Topic: Allow admin/moderators to embed PHP in posts?
Is there a way to do this in PunBB? A BBCode [php] tag perhaps that only gets parsed if the user has certain permissions?
- Connorhd
- Former PunBB Developer
- Offline
Re: Allow admin/moderators to embed PHP in posts?
moved, it could not be a plugin.
Re: Allow admin/moderators to embed PHP in posts?
Cool. So I take it a Mod like hasn't been created yet?
Re: Allow admin/moderators to embed PHP in posts?
Correct: I'm curious though, why in the world would you want someone to be able to run arbitrary PHP on your server?
Re: Allow admin/moderators to embed PHP in posts?
For me ... I see one example 
I can put inside a post FILMS from http://www.sortons.net/cinema/ I can put the list of the pubs, discotheques from http://www.sortons.net/ousortir ... I can copy/paste of course in CORE html ... but with this system, it's in real time.
6 2005-09-21 14:31 (edited by shauninman 2005-09-21 14:32)
Re: Allow admin/moderators to embed PHP in posts?
Not anyone, just an Admin. I want to include a custom polling script. I'll be posting my mod in a few minutes. It's hairy but it works for me.
Re: Allow admin/moderators to embed PHP in posts?
As Rod said, one good use for this is posts which update themselves from content stored elsehwere e.g. a dynamically updated to do list, bug list or faq.
Re: Allow admin/moderators to embed PHP in posts?
Posted the mod here in case anyone is interested: http://punbb.org/forums/viewtopic.php?id=8862
Re: Allow admin/moderators to embed PHP in posts?
I dream ... the great shauninman, which gives me the love of CSS, is here ... ARGHHHHHHHHHH
(going see the mod)
Re: Allow admin/moderators to embed PHP in posts?
Paul wrote:
As Rod said, one good use for this is posts which update themselves from content stored elsehwere e.g. a dynamically updated to do list, bug list or faq.
Yeah, but when I read the post I was thinking about the security implications of mods (and even admins) being able to write arbitrary PHP 
The include makes me feel a bit better
Re: Allow admin/moderators to embed PHP in posts?

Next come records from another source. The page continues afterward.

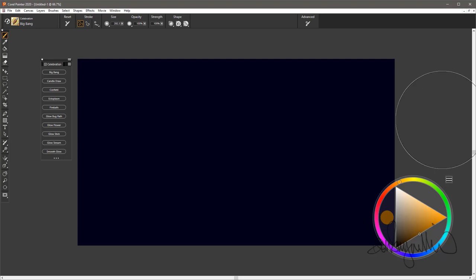Hello there. These are the brushes that you will find in the Celebration for Painter Essentials Brush Pack. There are 10 of them.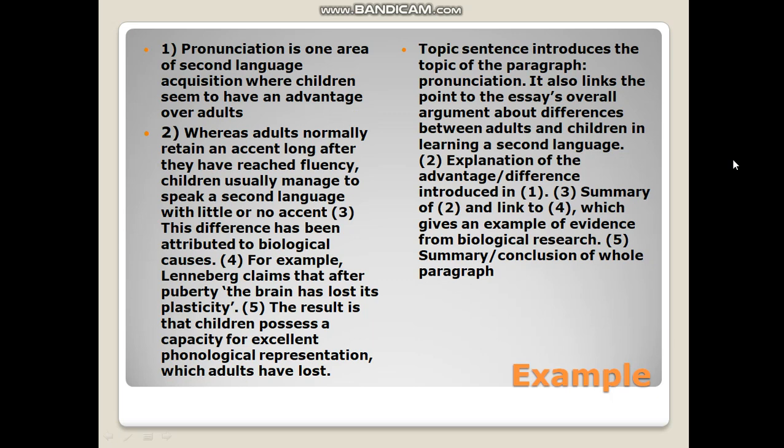Here is an example sentence: 'Pronunciation is one area of second language acquisition where children seem to have an advantage over adults.' Whereas adults normally retain an accent long after they have reached fluency, children usually manage to speak a second language with little or no accent. In fact, this difference has been attributed to biological causes. For example, Weneberg claims that after puberty the brain has lost its plasticity. The result is that children possess a capacity for phonological representation which adults have lost.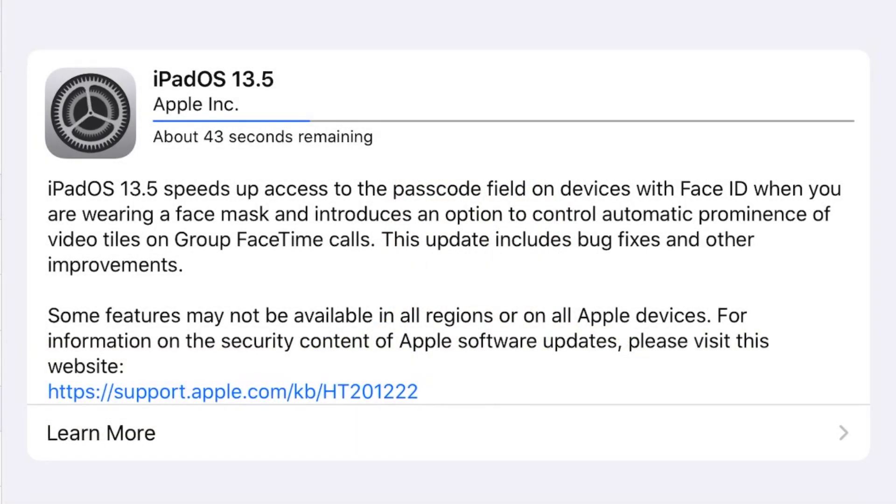In the last update, iOS 13.4, some users were facing a problem — when they were trying to unlock their phone using Face ID while wearing a mask, there was some issue and the passcode field was not displayed immediately. Another issue related to group FaceTime calls has also been fixed, and now they have added an option to control automatic prominence. Some bugs are also fixed, and if you were facing any issue related to Wi-Fi or any other connectivity options, those issues are fixed as well.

You guys might be interested in the "chip-list" I embedded into a thread using this mod: http://www.haveamint.com/forum/viewtopic.php?id=336 Or maybe not.
Re: Allow admin/moderators to embed PHP in posts?

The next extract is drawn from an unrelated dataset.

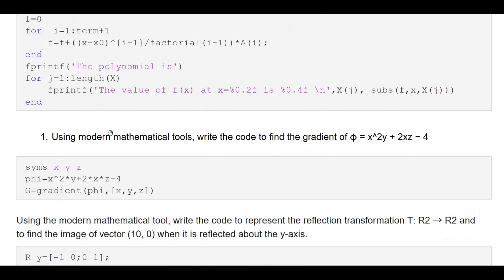Similarly, find the gradient of phi = x²y + 2xz − 4. As already discussed: first define symbolic variables x, y, z; define the scalar function phi = x^2*y + 2*x*z - 4; then find gradient of phi with respect to x, y, z.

So I understand nothing I have changed my http://www.sortons.net/agenda_forum.php with 0% of HTML as you told to me ... and the result is http://www.sortons.net/forum/viewtopic.php?id=5012 (incredible to see the result OUTSIDE of the post)
or I see your topic ... and see a HTML TABLE !!! grrrrrrrrrrr ... where is the secret ?

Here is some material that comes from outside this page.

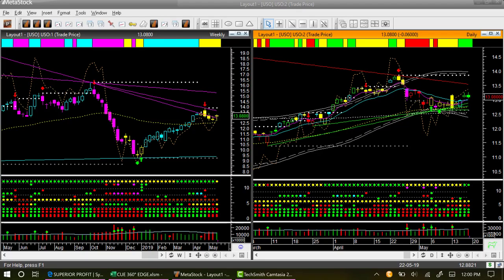We will begin our commodities analysis with oil. We are looking at the oil ETF USO using a weekly backdrop template and daily entry or hop-on template. Together, we call this the at-a-glance template because it helps us decide if there is a low risk swing trade entry opportunity at the right edge in only a few seconds.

13 2005-09-23 02:59 (edited by shauninman 2005-09-23 03:01)
Re: Allow admin/moderators to embed PHP in posts?
Rod, the script you include cannot send any HTML to the browser. If you can view the page you are trying to include in a browser and you see any HTML then it's not going to work. All HTML must be added in string form to the $return variable. That $return variable is then inserted into the post text in place of the [inc] BBcode.
If you don't need the PunBB variables in your include script then you can create a proxy script that uses file_get_contents() to add the output of the script you are trying to include to the $return variable. My script piggybacks atop Pun's user permissions so I don't use this technique but it should work.
Example PunBB post:
This is my include:
[inc]/relative/path/to/proxy.php[/inc]Example proxy.php script:
<?php $return = file_get_contents('http://www.yourdomain.com/path/to/include.php'); ?>Example include.php:
I ? <?php echo 'PunBB'; ?>Using this proxy should result in the your post looking like this:
This is my include:
I ? PunBB
Just make sure you use the full url for your include file in proxy.php. Using a relative one will result in the actual PHP source code being sent to the browser potentially exposing any database passwords contained within the script. Also, do not use a variable passed in by the query string to choose which file to include in proxy.php--that would open up a nasty security hole.
14 2005-09-24 11:47 (edited by snoogly 2005-09-25 01:18)
Re: Allow admin/moderators to embed PHP in posts?
I tried the proxy method, and typed all pathes correctlt, but I failed to get the php file contents to load in the post. Viewing the page source in the browser showed only this :
<!-- ME -->
Also this error message: Undefined index: g_id in /home/(path to)/include/parser.php on line 308
Any idea what might have gone wrong?